O processo de propagação de plantas no viveiro envolve diferentes fases de crescimento, com condições de cultivo específicas para cada etapa. A fase de estabelecimento, crucial para o sucesso do cultivo, ocorre dentro da estufa e abrange a sementeira, germinação, emergência das plântulas, e desenvolvimento das primeiras folhas verdadeiras. Para cada espécie, é realizada uma pesquisa bibliográfica detalhada, analisando as condições ambientais das populações silvestres, estudos prévios, e métodos de propagação de espécies ou géneros semelhantes. No viveiro, o acompanhamento dos ensaios de propagação envolve o registo do desenvolvimento das plantas e dados ambientais (dentro e fora da estufa). A fase de endurecimento, realizada na área de vasário, prepara as plantas para o stress do transporte e plantio em habitats naturais, simulando condições próximas do seu futuro local. Esta fase, crucial para a sobrevivência das plantas após a plantação, pode durar de 1 a 4 meses. O viveiro garante, assim, a produção de plantas saudáveis e resilientes para os programas de conservação in situ.
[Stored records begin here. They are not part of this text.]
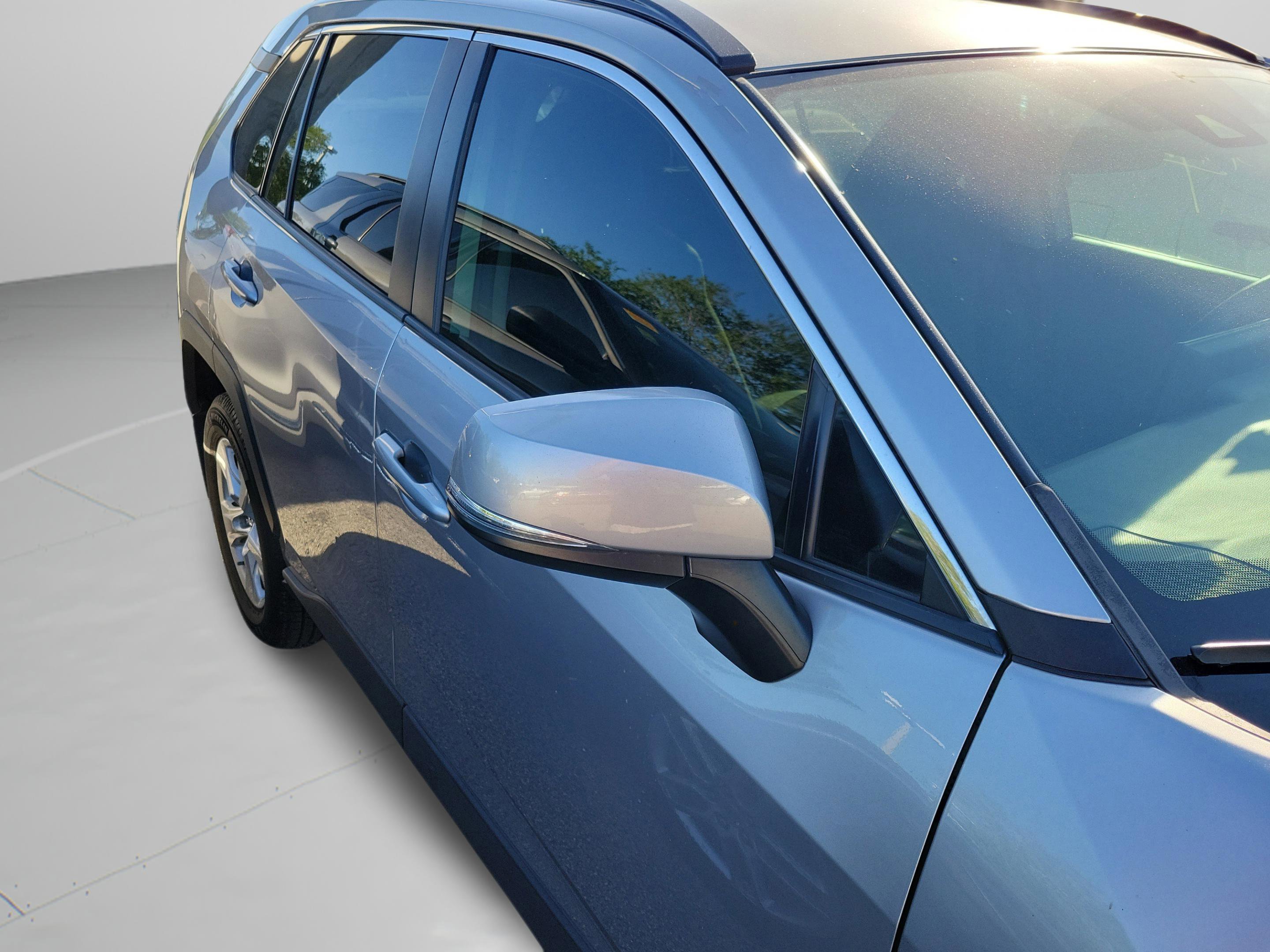 Used 2020 Toyota RAV4 XLE FWD image 15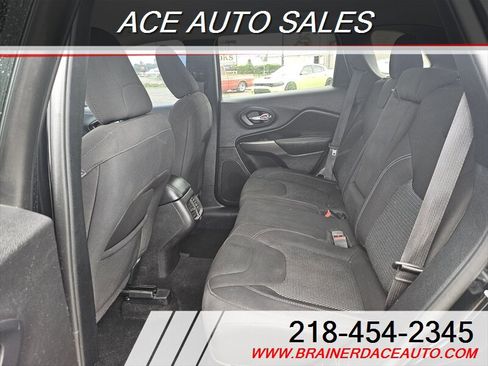 Used 2020 Jeep Cherokee Latitude image 8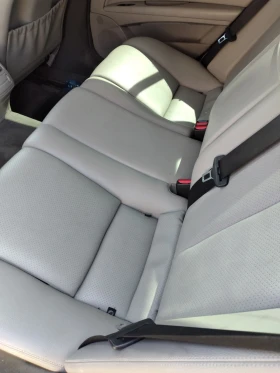 Mercedes-Benz E 200, снимка 11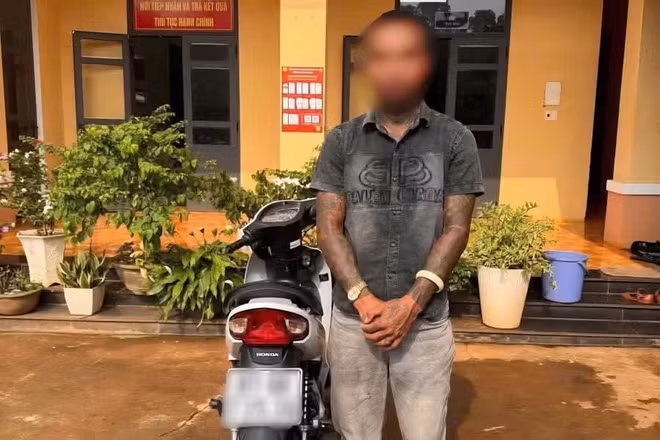 Tịch thu phương tiện của nam thanh niên ở Gia Lai điều khiển xe thả 2 tay.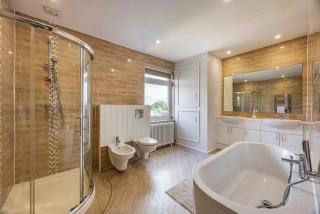 The Old Well House with Luxury Hot Tub - 6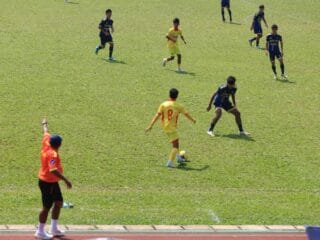 Persikota Tangerang melaju ke final Piala Soeratin U-17 usai kalahkan Duta FC 3-1 lewat hattrick Rifqi Zulianur di Stadion Benteng Reborn.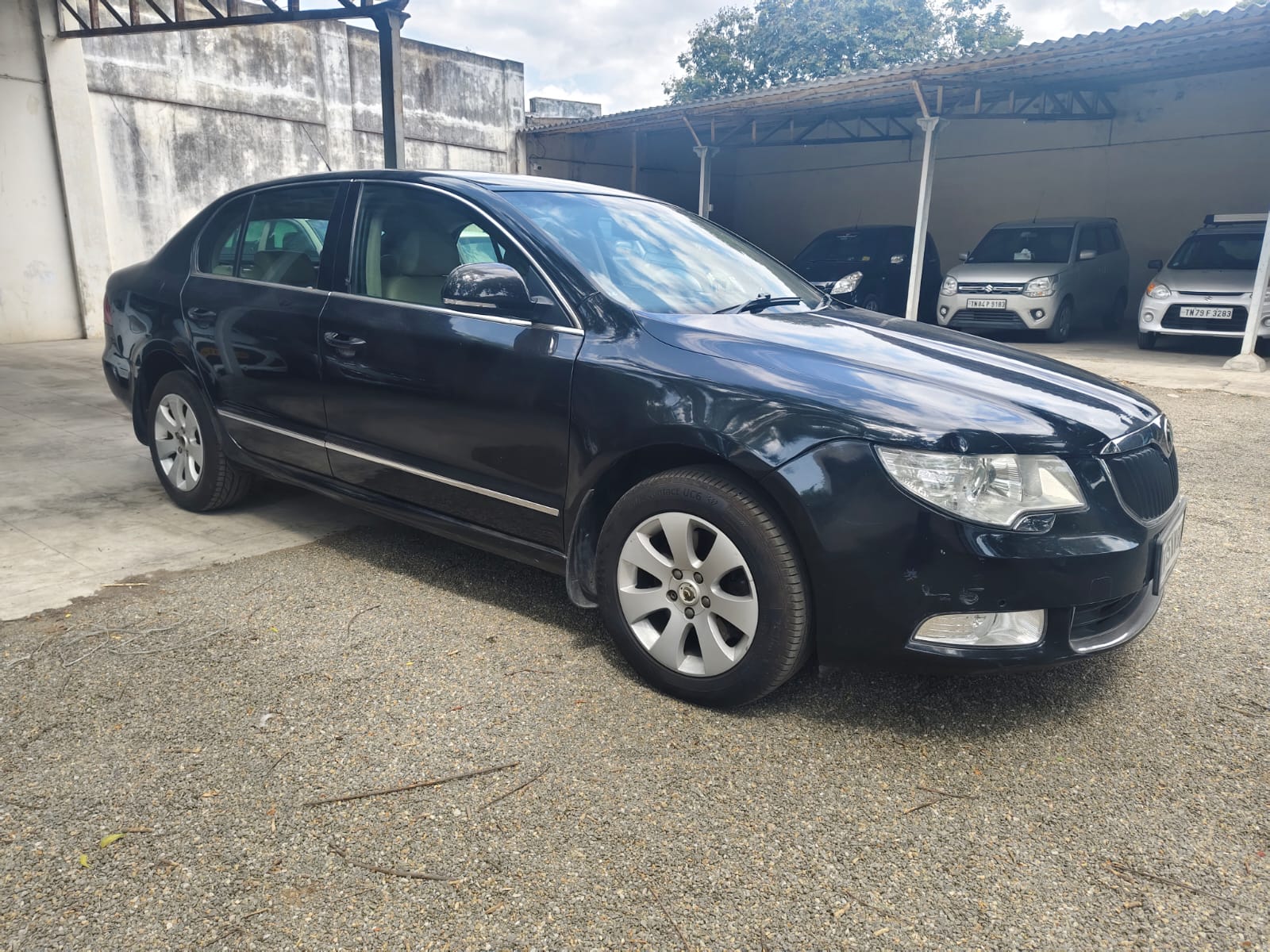 Skoda Superb - Image 2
VI.Projetos In Situ do JBF

O JBF coordena projetos de recuperação de habitats e reforço de populações silvestres, atuando em áreas dentro e fora do Parque Natural do Faial, e colaborando com outros parques. As principais populações recuperadas incluem Pericallis malvifolia, Prunus azorica, Myosotis maritima, e Rumex azoricus. Estes projetos combinam ações ex situ (propagação em viveiro) e in situ (plantação e monitorização).
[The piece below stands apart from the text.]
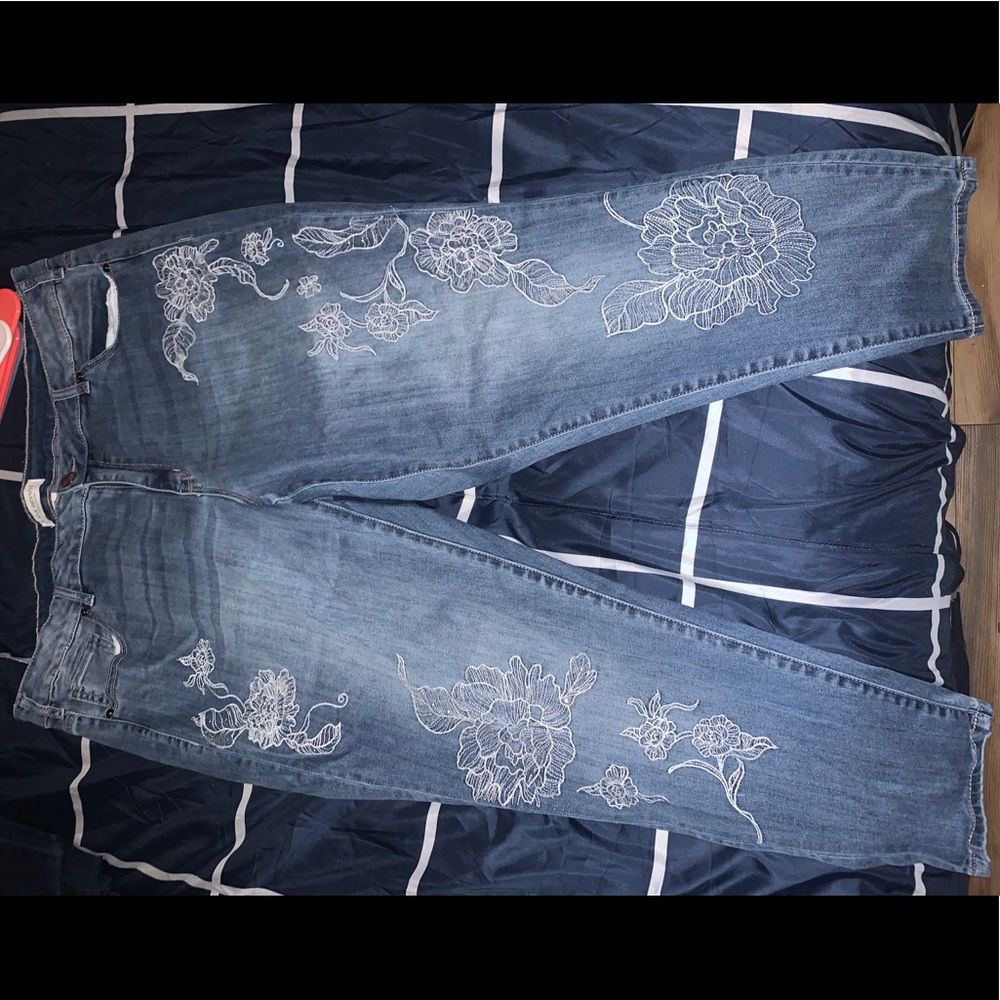 Light Wash Jeans with White Floral Detail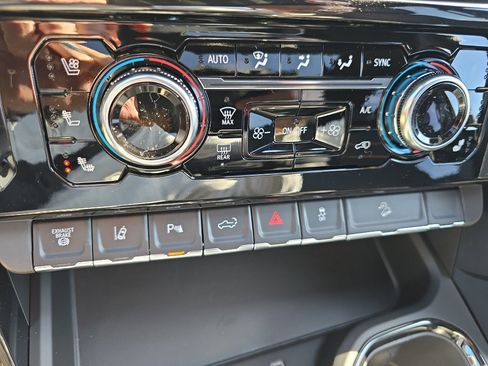 New 2026 GMC Sierra 2500 AT4 w/ AT4 Premium Plus Package image 27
1. Produção e Capacidade do Viveiro do JBF

O viveiro do Jardim Botânico do Faial (JBF), inaugurado em 2013, demonstra alta capacidade de produção de flora nativa dos Açores. Nos seus primeiros três anos de funcionamento, produziu cerca de 27.300 espécimes, com cerca de 21.500 destinados a ações de conservação in situ. Em 2015, a produção continuou elevada, com mais 20.500 plantas em cultivo. Composto por uma estufa de aproximadamente 160 m² e uma área de vasário de cerca de 430 m², o viveiro é a infraestrutura chave que liga a conservação ex situ (no próprio JBF) à conservação in situ (em populações silvestres). Esta produção em massa visa suprir a demanda por plantas nativas, especialmente espécies não lenhosas, que são pouco produzidas pelos viveiros dos serviços florestais. A alta produtividade do viveiro reforça a capacidade do JBF em contribuir para a recuperação de habitats e o reforço de populações ameaçadas.

2. Protocolos de Propagação e Fases de Cultivo

A propagação de plantas no viveiro segue protocolos cuidadosamente elaborados, baseados em pesquisa bibliográfica sobre as condições ambientais das populações silvestres, estudos existentes, e métodos de propagação de espécies ou géneros semelhantes. O processo inclui diversas fases: a fase de estabelecimento, crucial para o sucesso do cultivo, ocorre na estufa, abrangendo a sementeira, germinação, emergência das plântulas, e desenvolvimento das primeiras folhas verdadeiras. Após o estabelecimento, o desenvolvimento das plantas é monitorizado, registando-se dados sobre o seu crescimento e as condições ambientais. Finalmente, a fase de endurecimento prepara as plantas para o transplante para o seu habitat natural, mimetizando condições ambientais semelhantes às do local definitivo, diminuindo assim o stress da plantação. Esta fase garante a melhor adaptação das plantas antes da sua inserção no meio natural, maximizando as taxas de sobrevivência e sucesso dos projetos de conservação in situ. A pesquisa bibliográfica e o rigor no acompanhamento dos ensaios de propagação são fundamentais para o sucesso desta fase.